Можно сказать, что такой жестокий театр, схожий с гладиаторскими боями (Хуанчо, кстати, в одном из эпизодов прямо назван «гладиатором»), который, по слову русского поэта, «не читки требует с актера, а полной гибели всерьез», — такой театр служит символом реального мира, препятствующего свободному самовыражению личности, подчиняющего ее жестко заданным «сюжетам» и «амплуа». А поскольку «фантастический театр» с его артистической свободой перевоплощений остается неосуществимой утопией, то человек в художественном мире Готье вынужден бежать с арены жертвоприношений, укрываясь от их кровавой развязки в уединенном, интимно-огражденном пространстве Дома.

В произведениях Готье множество раз встречается апология уютной домашней обители, где вольно чувствуют себя поэзия и искренность души.

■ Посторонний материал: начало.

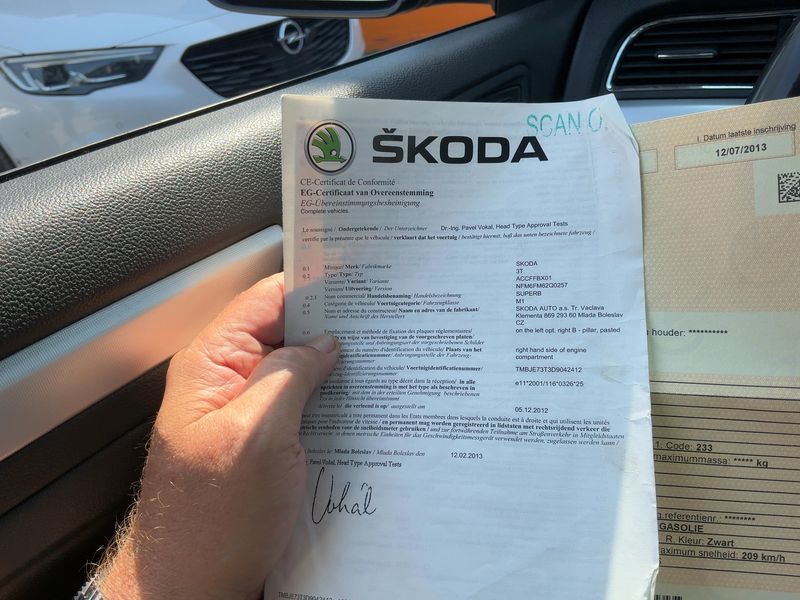 Skoda Superb 2.0 TDI Ambition 2013 – снимка 22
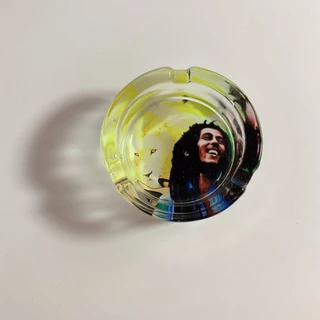 ที่เขี่ยบุหรี่ ที่ทิ้งก้นบุหรี่ แก้วใส ทรงกลม อย่างหนาที่เขี่ยบุหรี่แก้วกลม BOB MARLEY ลวดลาย 66mm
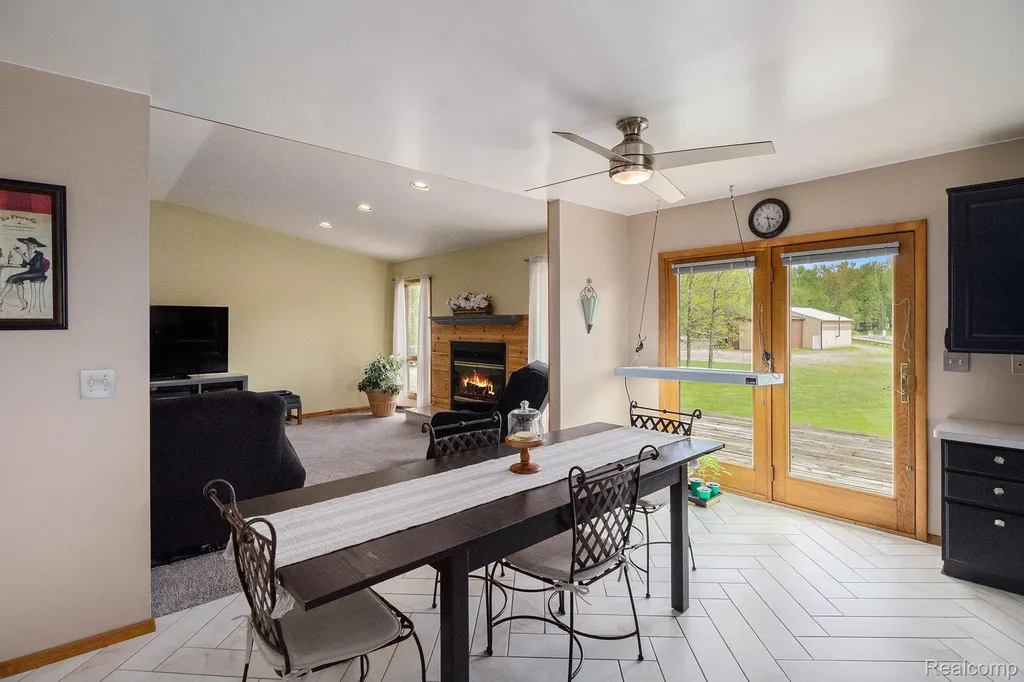 7031 Munsell Road Iosco Township MI 48843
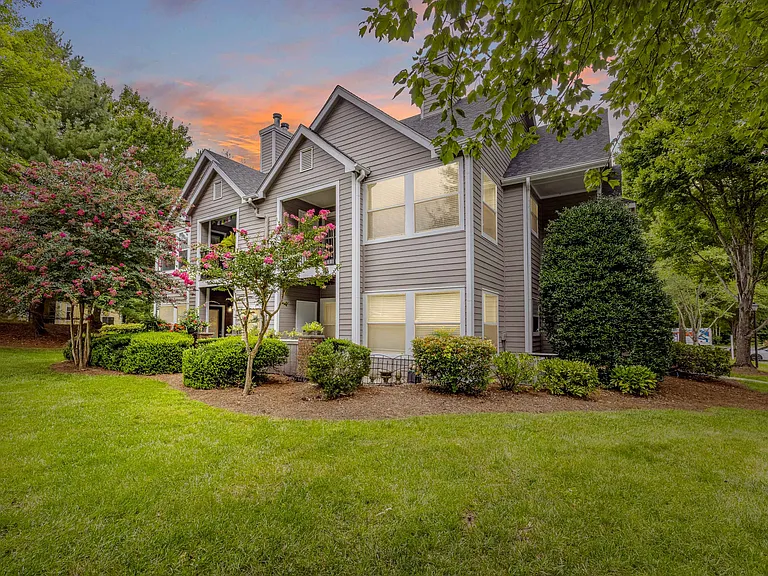 Cambridge Park Apartments in Winston-Salem, NC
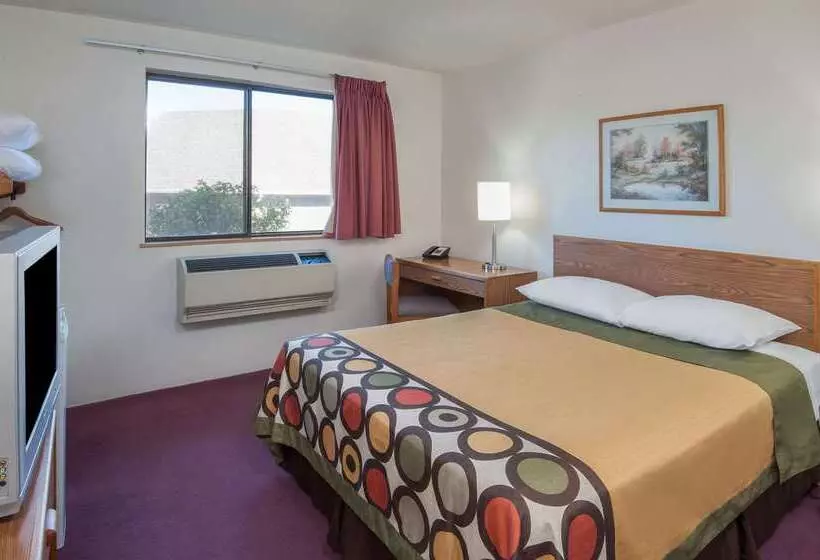 Мотель Super 8 By Wyndham Salmon Arm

Вот как, например, рассуждают об этом в новелле «Эта и та»: «Погляди-ка, в этих стенах протекли лучшие годы твоей жизни; тут тебя посещали самые прекрасные мечты, самые яркие виденья. Ты уже издавна свыкся, сжился со всеми потаенными уголками, твои бока отменно приспособились ко всем их выступам, и ты, как улитка, уютно устроился в своей раковине. Эти стены знают, любят тебя и повторяют твой голос, твои шаги вернее, чем голос и шаги других; все вещи созданы для тебя, а ты создан для них… Дом — это тело, а ты его душа, и ты одухотворяешь его; ты средоточие этого микрокосмоса…» Ирония, которой окрашена эта риторика, не должна вводить в заблуждение — писатель устами одного из персонажей действительно «объясняется в любви» к Дому, противопоставляя его неистинному порядку жизни в мире-театре, где главный герой той же новеллы натужно разыгрывает нелепую комедию роковой страсти.